The records below are to be reproduced exactly, with every picture left out.

Segment Open

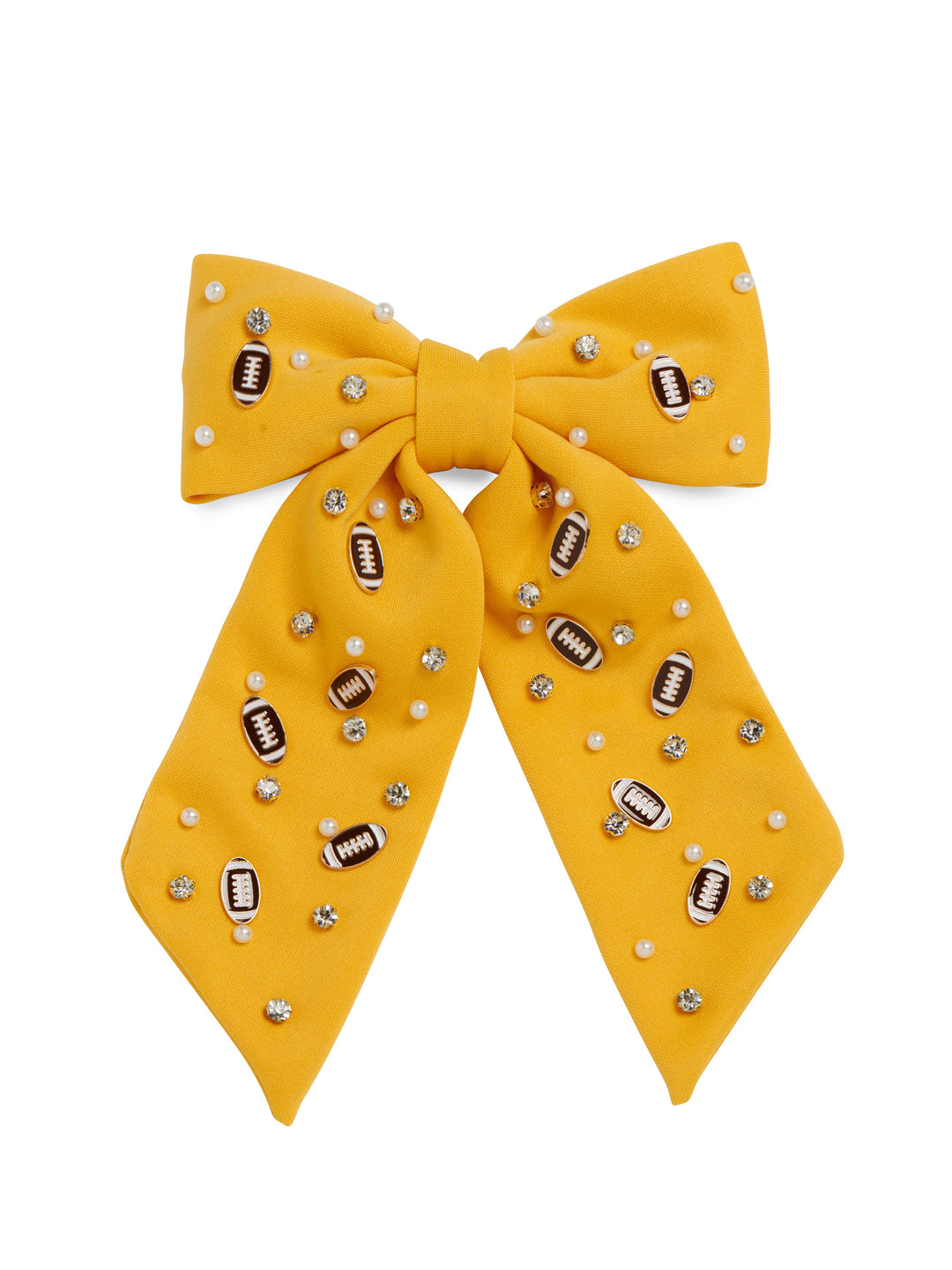 Shiraleah Game Day Charms Bow Clip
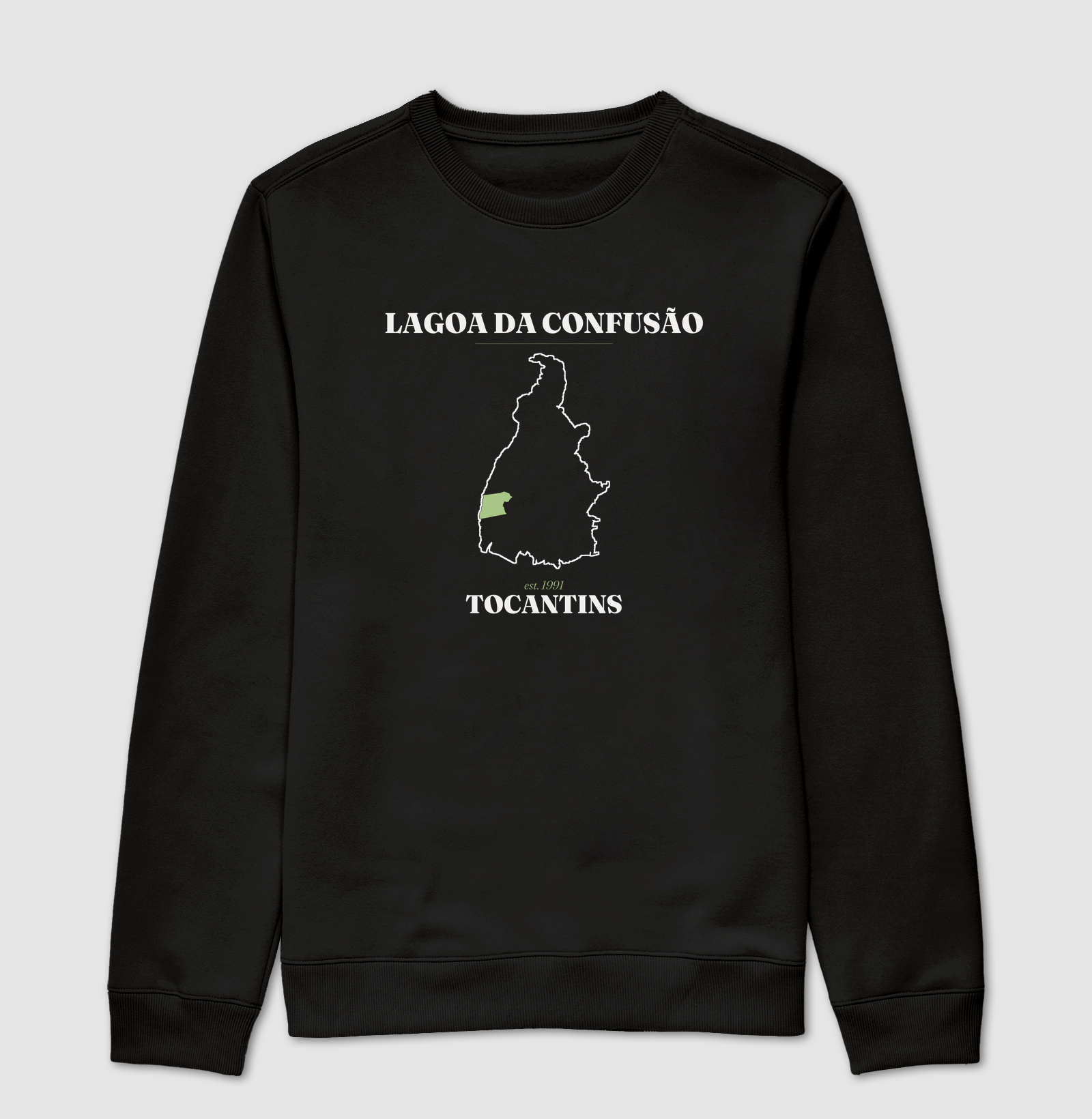 Lagoa da Confusão | Legado TO - Suéter Moletom
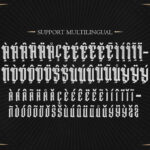 Dark Magic Font Poster 6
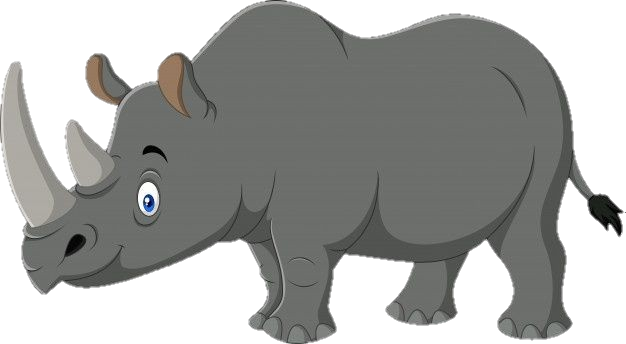 Animated Rhino Png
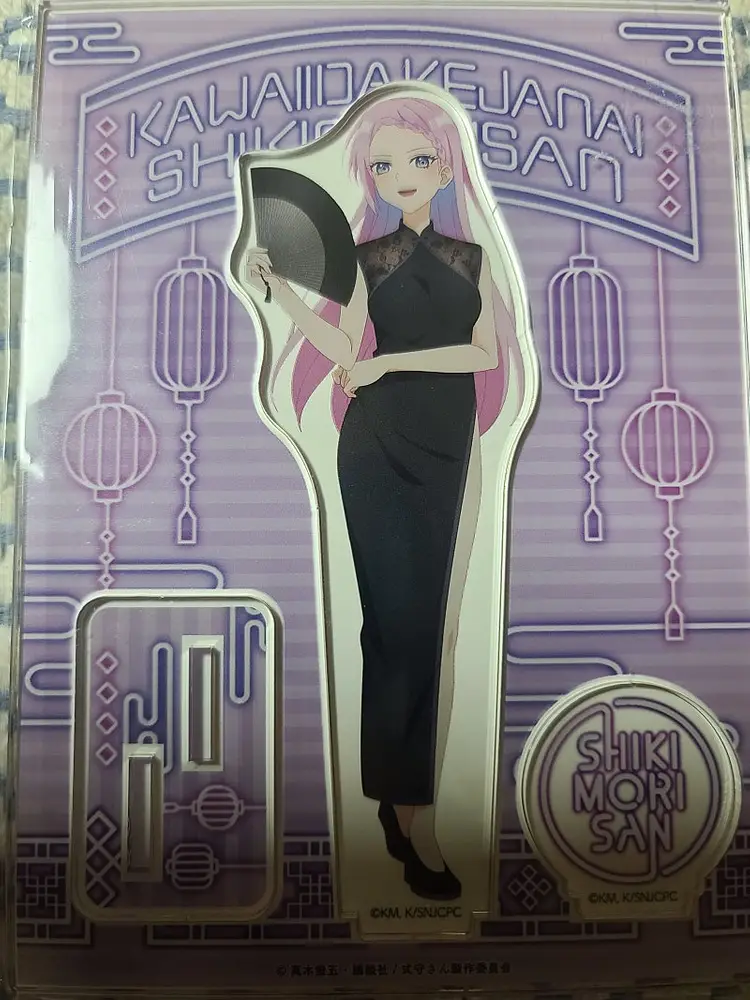 귀엽기만 한 게 아닌 시키모리 양 pop up store 아크릴 싸게 팝니다(가격인하) 이미지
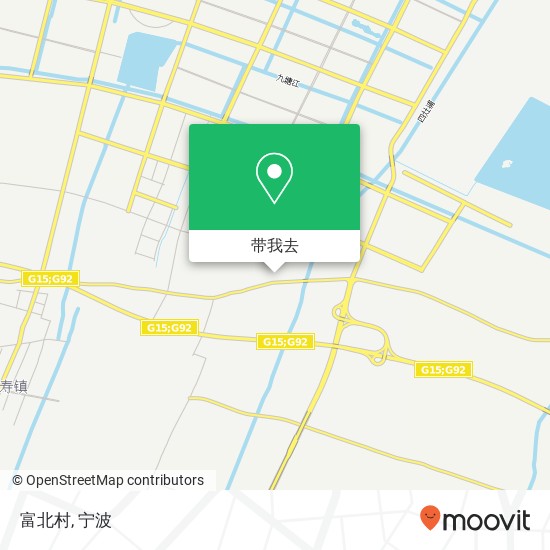 富北村地图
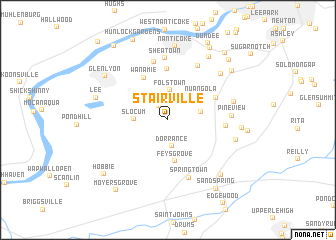 map of Stairville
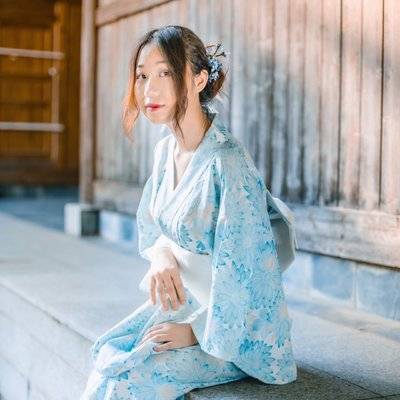 和服模特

Segment Closed

Task response:
 Shiraleah Game Day Charms Bow Clip
 Lagoa da Confusão | Legado TO - Suéter Moletom
 Dark Magic Font Poster 6
 Animated Rhino Png
 귀엽기만 한 게 아닌 시키모리 양 pop up store 아크릴 싸게 팝니다(가격인하) 이미지
 富北村地图
 map of Stairville
 和服模特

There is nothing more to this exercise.